Depending upon the extent of repair that is required you can expect to pay anywhere from £50 to £150 to a tradesmen to fix your guttering.

Most roofline tradesmen charge around £150 per day, but to fix some guttering it shouldn't take any longer than a couple of hours. In most cases, where only a small fix is needed, the job will likely take around 30 minutes to complete.

Here are a few average costs for hiring someone to repair your guttering:

Problem Avg. Cost Duration
Leak at the Joint £75 15 minutes
Bracket Damage £75 20 minutes
Disconnected Rainwater Pipe £75 30 minutes
Damaged Gutter Length £150 2 hours

Cost Breakdown

Individual costs for hiring a tradesman to replace a single length of guttering on a 2-storey semi-detached house with easy access - Total Cost: £150








The costs involved will vary depending on the cause of the problem. To repair a gutter leak at the joint for example is normally caused by the rubber seal in the join or union perishing over the years. So fixing this will cost between £50 and £100. These are not difficult or expensive repairs as long as you can source a new gutter joint, if not you will have to replace the entire gutter length, although Upvc plastic guttering is not that expensive.

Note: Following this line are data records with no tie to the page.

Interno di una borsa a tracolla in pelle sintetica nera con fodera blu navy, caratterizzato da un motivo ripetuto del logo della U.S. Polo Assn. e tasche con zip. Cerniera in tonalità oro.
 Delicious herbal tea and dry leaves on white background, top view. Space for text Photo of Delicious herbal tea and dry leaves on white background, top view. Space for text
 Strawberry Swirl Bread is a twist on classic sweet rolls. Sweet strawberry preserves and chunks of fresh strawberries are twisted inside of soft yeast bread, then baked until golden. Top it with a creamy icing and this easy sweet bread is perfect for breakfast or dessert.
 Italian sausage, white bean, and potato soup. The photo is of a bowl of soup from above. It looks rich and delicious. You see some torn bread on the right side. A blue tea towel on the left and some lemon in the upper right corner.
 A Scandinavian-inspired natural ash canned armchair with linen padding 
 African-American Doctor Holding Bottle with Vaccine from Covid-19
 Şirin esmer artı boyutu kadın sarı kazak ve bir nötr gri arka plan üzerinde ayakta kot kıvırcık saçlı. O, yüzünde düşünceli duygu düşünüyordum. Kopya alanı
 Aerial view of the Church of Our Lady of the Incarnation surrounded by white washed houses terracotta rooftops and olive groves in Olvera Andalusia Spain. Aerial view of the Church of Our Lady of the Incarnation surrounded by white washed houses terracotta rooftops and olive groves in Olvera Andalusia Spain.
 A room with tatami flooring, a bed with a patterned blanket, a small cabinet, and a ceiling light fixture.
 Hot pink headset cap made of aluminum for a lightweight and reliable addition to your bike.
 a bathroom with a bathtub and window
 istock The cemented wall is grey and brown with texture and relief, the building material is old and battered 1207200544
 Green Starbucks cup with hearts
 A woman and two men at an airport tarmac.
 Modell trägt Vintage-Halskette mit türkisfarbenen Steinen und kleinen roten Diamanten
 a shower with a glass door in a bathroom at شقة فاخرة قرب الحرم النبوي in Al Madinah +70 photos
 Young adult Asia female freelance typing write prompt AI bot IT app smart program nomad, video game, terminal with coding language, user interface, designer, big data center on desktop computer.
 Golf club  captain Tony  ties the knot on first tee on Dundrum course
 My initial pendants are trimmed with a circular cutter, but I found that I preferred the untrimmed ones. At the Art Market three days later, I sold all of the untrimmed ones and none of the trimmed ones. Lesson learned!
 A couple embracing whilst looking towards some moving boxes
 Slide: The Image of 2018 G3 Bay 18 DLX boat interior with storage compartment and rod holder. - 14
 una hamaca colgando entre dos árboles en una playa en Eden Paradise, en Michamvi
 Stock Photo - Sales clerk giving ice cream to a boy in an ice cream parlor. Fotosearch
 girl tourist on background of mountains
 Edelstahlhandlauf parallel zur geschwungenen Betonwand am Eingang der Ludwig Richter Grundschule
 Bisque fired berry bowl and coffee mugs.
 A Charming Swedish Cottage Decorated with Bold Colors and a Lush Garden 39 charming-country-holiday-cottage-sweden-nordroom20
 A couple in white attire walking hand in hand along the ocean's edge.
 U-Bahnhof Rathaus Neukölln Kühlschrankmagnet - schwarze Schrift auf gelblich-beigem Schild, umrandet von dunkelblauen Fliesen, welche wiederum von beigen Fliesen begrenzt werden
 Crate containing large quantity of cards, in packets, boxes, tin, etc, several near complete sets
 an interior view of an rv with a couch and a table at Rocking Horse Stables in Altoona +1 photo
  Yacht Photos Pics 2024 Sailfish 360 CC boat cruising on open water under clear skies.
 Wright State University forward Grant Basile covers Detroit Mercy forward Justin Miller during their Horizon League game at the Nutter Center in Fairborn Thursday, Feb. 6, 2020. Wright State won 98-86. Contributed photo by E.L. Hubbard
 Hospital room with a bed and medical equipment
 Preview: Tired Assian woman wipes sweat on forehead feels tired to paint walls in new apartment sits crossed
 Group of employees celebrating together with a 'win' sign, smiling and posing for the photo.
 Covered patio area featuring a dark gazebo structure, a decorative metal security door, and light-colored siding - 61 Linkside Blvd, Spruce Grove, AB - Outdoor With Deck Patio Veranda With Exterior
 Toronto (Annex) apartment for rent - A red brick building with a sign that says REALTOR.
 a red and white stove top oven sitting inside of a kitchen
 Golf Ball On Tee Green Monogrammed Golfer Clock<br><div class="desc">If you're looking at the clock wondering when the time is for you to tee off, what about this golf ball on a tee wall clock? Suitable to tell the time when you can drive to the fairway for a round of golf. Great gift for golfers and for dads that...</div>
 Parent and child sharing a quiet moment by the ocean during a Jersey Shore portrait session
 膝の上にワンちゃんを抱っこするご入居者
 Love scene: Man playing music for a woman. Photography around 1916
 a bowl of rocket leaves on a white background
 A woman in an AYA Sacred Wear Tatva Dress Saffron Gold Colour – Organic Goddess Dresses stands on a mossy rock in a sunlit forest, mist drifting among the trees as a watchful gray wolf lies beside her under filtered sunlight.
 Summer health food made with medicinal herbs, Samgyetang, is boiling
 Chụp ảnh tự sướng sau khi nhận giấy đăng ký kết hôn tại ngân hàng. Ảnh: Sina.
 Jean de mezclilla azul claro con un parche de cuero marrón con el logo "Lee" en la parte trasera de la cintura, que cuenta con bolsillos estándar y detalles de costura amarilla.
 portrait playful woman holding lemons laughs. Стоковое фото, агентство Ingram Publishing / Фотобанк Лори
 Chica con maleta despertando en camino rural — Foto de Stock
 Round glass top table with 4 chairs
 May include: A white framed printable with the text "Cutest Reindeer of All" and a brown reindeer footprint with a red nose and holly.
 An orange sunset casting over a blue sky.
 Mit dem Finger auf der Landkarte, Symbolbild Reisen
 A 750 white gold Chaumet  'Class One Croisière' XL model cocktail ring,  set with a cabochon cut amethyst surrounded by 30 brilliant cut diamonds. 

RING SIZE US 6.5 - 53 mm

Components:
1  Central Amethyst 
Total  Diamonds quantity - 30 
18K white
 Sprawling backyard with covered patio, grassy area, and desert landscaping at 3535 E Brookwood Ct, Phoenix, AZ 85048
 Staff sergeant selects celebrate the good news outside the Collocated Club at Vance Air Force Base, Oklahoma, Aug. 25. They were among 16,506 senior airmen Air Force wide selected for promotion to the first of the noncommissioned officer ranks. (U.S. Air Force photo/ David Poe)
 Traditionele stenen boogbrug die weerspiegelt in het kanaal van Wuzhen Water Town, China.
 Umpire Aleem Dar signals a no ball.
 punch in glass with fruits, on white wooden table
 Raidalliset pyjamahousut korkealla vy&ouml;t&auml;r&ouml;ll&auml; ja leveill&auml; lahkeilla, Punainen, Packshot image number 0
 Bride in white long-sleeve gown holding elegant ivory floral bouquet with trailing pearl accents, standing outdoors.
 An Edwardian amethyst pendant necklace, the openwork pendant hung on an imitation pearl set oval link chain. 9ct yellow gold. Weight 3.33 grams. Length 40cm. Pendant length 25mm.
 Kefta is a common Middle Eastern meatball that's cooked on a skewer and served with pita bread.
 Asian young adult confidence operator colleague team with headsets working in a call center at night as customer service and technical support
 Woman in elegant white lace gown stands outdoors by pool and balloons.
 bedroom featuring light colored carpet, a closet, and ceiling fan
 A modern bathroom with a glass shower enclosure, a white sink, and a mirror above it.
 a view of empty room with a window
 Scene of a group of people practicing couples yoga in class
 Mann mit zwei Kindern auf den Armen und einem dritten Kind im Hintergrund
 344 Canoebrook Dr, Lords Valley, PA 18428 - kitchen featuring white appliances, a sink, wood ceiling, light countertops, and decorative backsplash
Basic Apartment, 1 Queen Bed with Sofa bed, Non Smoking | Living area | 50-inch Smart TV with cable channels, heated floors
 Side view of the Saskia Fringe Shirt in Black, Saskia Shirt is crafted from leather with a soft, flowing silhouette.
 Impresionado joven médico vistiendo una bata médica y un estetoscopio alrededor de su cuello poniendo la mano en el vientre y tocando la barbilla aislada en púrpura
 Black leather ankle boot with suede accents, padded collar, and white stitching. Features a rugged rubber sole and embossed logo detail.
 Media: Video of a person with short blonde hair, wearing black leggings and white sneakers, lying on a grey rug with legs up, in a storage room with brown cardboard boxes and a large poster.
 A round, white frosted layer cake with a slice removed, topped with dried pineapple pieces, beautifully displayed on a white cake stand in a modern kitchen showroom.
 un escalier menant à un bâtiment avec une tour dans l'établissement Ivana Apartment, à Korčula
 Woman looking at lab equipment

To replace missing or damaged brackets, the hangers which are screwed into the fascia boards, will cost around the same, brackets are very cheap and fixing them is not complicated. Another cause of problems is the down pipe becoming disconnected from the gutter, this is another simple repair well within the scope of a DIY enthusiast, or alternatively expect to pay around £75 for a tradesman to do it for you, the job should only take around half an hour to fix.

A more complex problem is that the gutter is overflowing due to incorrect alignment. The guttering should run down to the downpipes, if not, they will overflow in bad weather and you will have a lot of standing water even in better weather which will cause the seals to perish faster. Expect to pay around £150 to have a section of guttering removed, realigned and refitted properly. The work should only take a couple of hours at the most.
If the rust is not too severe and is not yet causing leaks, then you can smooth off patches of rust with an emery cloth, but take great care not to press so hard that you make it worse and push right through the gutter! Large areas of rust can be brushed with a wire hand brush or removed using an electric drill with a suitable attachment. After the rust has been removed, paint the affected area with a rust-inhibiting metal primer, then a top coat of bitumen or paint. Small holes can be filled with sealant and painted over and even larger holes can be filled using glass-fibre filler, but if the guttering is very rusty with lots of leaks, it really should be replaced or you will find that you will be continually doing repairs to fix leaks.
Water overflowing from the guttering above the downpipe means that there is a blockage in the hopper head itself, or perhaps a blockage in the downpipe below it, or even a blockage in the drain beneath the downpipe. Start by clearing out any leaves in the hopper head and see if this clears the problem. If not, try flushing the downpipe using a garden hose. If it becomes obvious the downpipe is blocked and the hose is not removing the blockage, then drain rods are the next step. If the downpipe is not blocked, then the problem is likely the ground level drain is blocked.